The program started in 2011 with 15 communities in Mahmood Raqi and Kohistan districts of Kapisa province and in Bamyan city and Yakawlang district of Bamyan province. The Court Trial Monitoring program now targets districts of Bamyan, Kapisa, Nangarhar, Balkh and Kunduz provinces in order to monitor criminal and civil trials through local communities. So far, around 2122 trials have been monitored by local volunteers/ Monitors.

The following methodology is used to empower citizen and increase the integrity of the judiciary through Court Trial Monitoring. The steps of the CBM-T program are as follows:

  1. Choosing Communities
    Similar to other Integrity Watch initiatives, the CBM-T program draws on community participation to establish the legitimacy of its objects. “Community” for this program is defined by Community Development Councils, civil society actors, traditional Shuras and legal service providers.
  2. Choosing Monitors
    Each participating community is asked to provide two local monitors who will work together. Local monitors must be literate, have good reputation within the community and able to volunteer several days each month to monitor court activities. In the case where a community does not have two literate adults, an illiterate adult paired with a literate adult is acceptable. Integrity Watch seeks to ensure that 50% of its local monitors are female.
  3. Training of Local Monitors (LM)
    The local monitors receive specific trainings on legal issues in order to upgrade their legal knowledge and improve their monitoring skills. Apart from Integrity Watch, other national and international organizations such as UNAMA, IDLO, NRC, and Independent Human Rights Commission have organized and conducted legal training for the local monitors. IWA’s LMs used to take part in these training sessions as well.
  4. Monitoring the Courts
    Integrity Watch aims to have its Trial Monitors monitor every criminal and civil case that is openly held and takes place in the courts in the targeted districts. Across all courts, Integrity Watch expects to monitor around thousand in a year.
  5. Building Relation with Court Authorities
    Local Monitors and monitoring program representatives meet with each judge whose proceedings will be followed, to introduce their activities and individual monitors. The monitored court officials sometimes are defensive, critical or even aggressive towards trial monitoring if they perceive it to be an intrusive activity that questions their competence and authority. Against this background, meetings with judicial officials represent a unique opportunity to show the program’s good intentions and professionalism. Meeting with individual judges enable the judges to recognize the presence of local monitors in their courtroom or office and be aware of their functions in advance of monitored proceedings. Experience shows that conducting a meeting with judges in advance has improved access to the hearings and facilitates the resolution of any problems that may arise.
  6. Local Advocacy
    The program’s eventual recommendation is more likely to be implemented if there is mutual trust between the program staff and the justice sector. Therefore the local monitors regularly meet with the judges. One of the main reasons of having regular meetings with judges is to share the valuable observations of the local monitors collected during the trial monitoring as the aim of the trial monitoring is to foster justice-system reform. Since local monitors observe a problem, they are in a unique position to give a first impression on its possible causes.
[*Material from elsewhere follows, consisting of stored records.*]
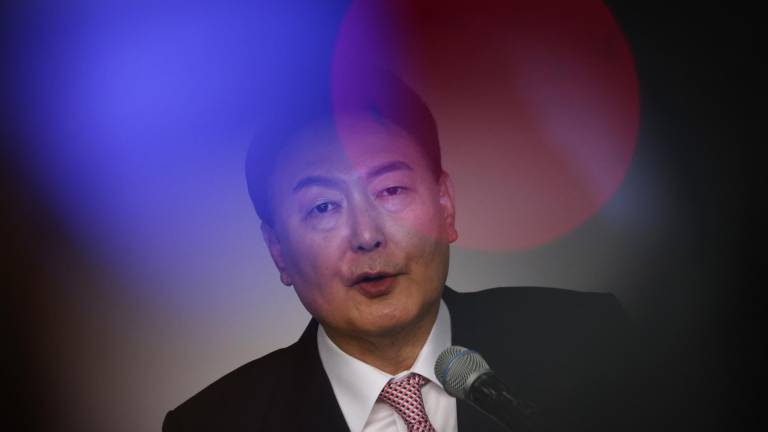 Arrestan al presidente de Corea del Sur, Yoon Suk Yeol, por declarar la ley marcial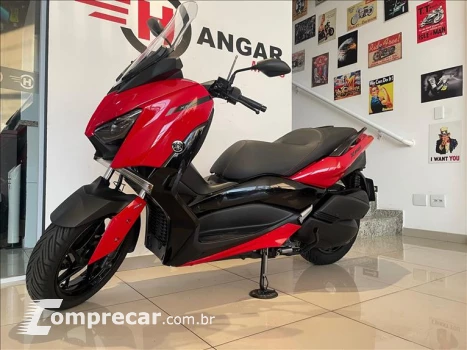 Yamaha XMAX 250 CONNECTED ABS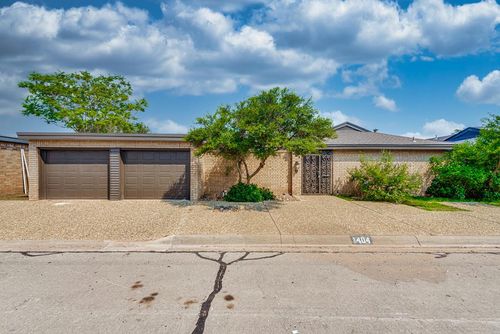 1404 W Pecan Ave, Midland, TX, 79705-6516 | Card Image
On a more broader level, once data from each of the courts in a province is collected, Integrity Watch engages in advocacy efforts with the provincial governor, judges and prosecutors in order to address areas of concern that have been identified.

During its pilot phase, Integrity Watch documented the lessons learned from the methodology but also impact levels as well. Integrity Watch has found several key impacts to this project including increased transparency in judicial decision-making, increased awareness of the official rule of law system, citizen empowerment and valuable data that can help and promote higher integrity in the judiciary system. To date there has been a strong interest across the communities in the four provinces covered under this program to participate in the Court Trial Monitoring program.